Tenant Henry Schober III, a 38-year-old attorney specializing in data privacy, uses the ground floor as his office and a bedroom for out-of-town guests.
“It’s a place that I’m comfortable spending a workday in,” said Schober, who goes to the office once or twice a week. “I don’t feel like I’m trapped in my house.”
Tenant Henry Schober III takes advantage of the ADU’s rooftop deck, which offers panoramic views of Venice. (Jason Armond / Los Angeles Times)
An overhead view shows the ADU’s proximity to the modern duplex and bungalow.
(Steve King Architectural Imaging)
Up the stairs to the second floor, the main living area and kitchen measure just 13 feet wide; large windows and operable skylights add light and cross-ventilation throughout the linear floor plan.
“The windows make you feel like you’re in an amazing penthouse in SoHo,” Alon said. “It gives the room a great energy.”
The rest of the second floor houses a powder room, bathroom and bedroom. Because of limited space, there was no room for a formal dining room. However, Schober said that’s easier to maneuver than the limited storage, which has taught him to think differently about how he stores and displays things.
The pool was preserved to create a communal area for all tenants.
(Jason Armond / Los Angeles Times)
“I eat at the long breakfast bar, and when I have people over, I use the common space or the roof deck,” he said.
The home’s two floors feel like three, Lynch said, “because of the way the stairway draws one upward through the IDU and then because of how the roof steps up again.”
The roof deck serves as another outdoor room, further expanding the living space. From the rooftop deck, Schober has panoramic views of Venice, not to mention ample room for a dining table, barbecue and sauna.
After renting an apartment temporarily a few blocks from the beach, Schober was still determining whether he wanted to rent another apartment in Venice.
The master bedroom on the second floor.
(Jason Armond / Los Angeles Times)
“It originally turned me off to Venice,” he said. “The price points were so high. It felt like people were paying for the ZIP Code. Landlords were asking five grand for an apartment next to a parking lot.”
But when he saw the two-bedroom ADU, he changed his mind. “When I walked in, I thought, ‘I’m going to live here,’” said Schober, who is originally from Philadelphia and moved to Los Angeles from Switzerland.
“The apartment and the secluded feel changed my attitude,” Schober said. “You get the convenience of Venice and access to all the restaurants and shops, but you’re not in the thick of things. I lived in San Francisco for a decade, Europe for six years. I view the apartment as an oasis in a neighborhood that is not as transformed as others.”
Schober said the strength of the architects’ vision is that the unit is quietly tucked away in a congested neighborhood. “Since you are set back from the street, there is no foot traffic,” he added. “It doesn’t feel like I am living among a bunch of units. There is little street noise, and you would never know you live a stone’s throw from Lincoln Boulevard.”

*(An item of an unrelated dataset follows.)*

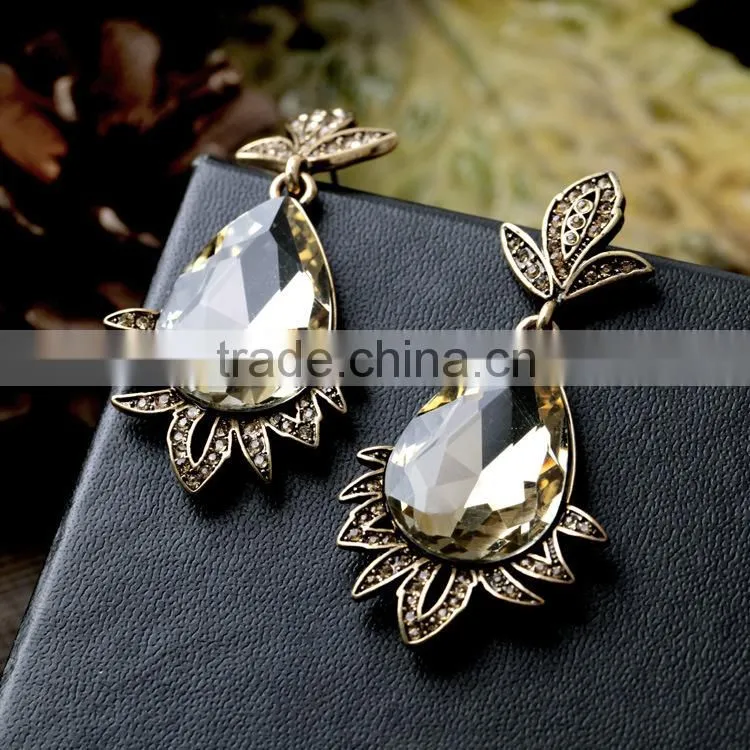 Waterdroplet mixcolor leaf shape vintage vintage earrings earrings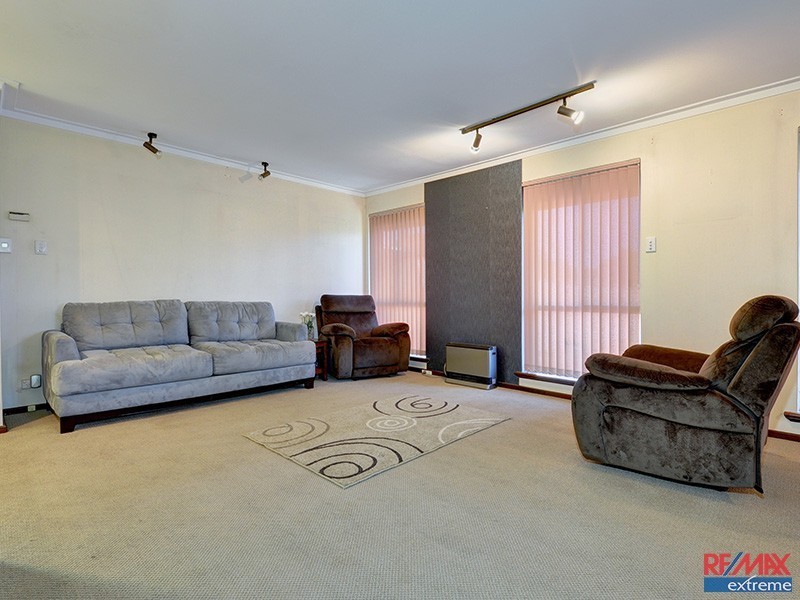 2 Kelly Road, Girrawheen WA 6064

Stairs lead up to the rooftop deck.
(Jason Armond / Los Angeles Times)
Perhaps most impressive, the ADU defies the notion that you can’t have parking, privacy and quality of living, including a swimming pool, on a tight infill lot with other properties.
In a sense, Schober said, “It seems the solution to the housing crisis is building up.”
“There is a community feeling, and people know each other,” Sharif said. “They sit around the pool, and it’s very intimate and private.”
After a 10-month building process, the team completed the project this spring at a cost of approximately $410 per square foot.
Looking back, Alon is grateful that she moved forward with the project.
“It’s not just a unit that brings value to the property,” she said. “It enhances the entire property for everyone. Adding housing in this condensed community is important, but this team made it something beautiful that people will enjoy. You don’t have to add a huge amount of square footage to add quality of living.”
A lucky cat figurine sets the tone inside Henry Schober III’s two-bedroom ADU in Venice.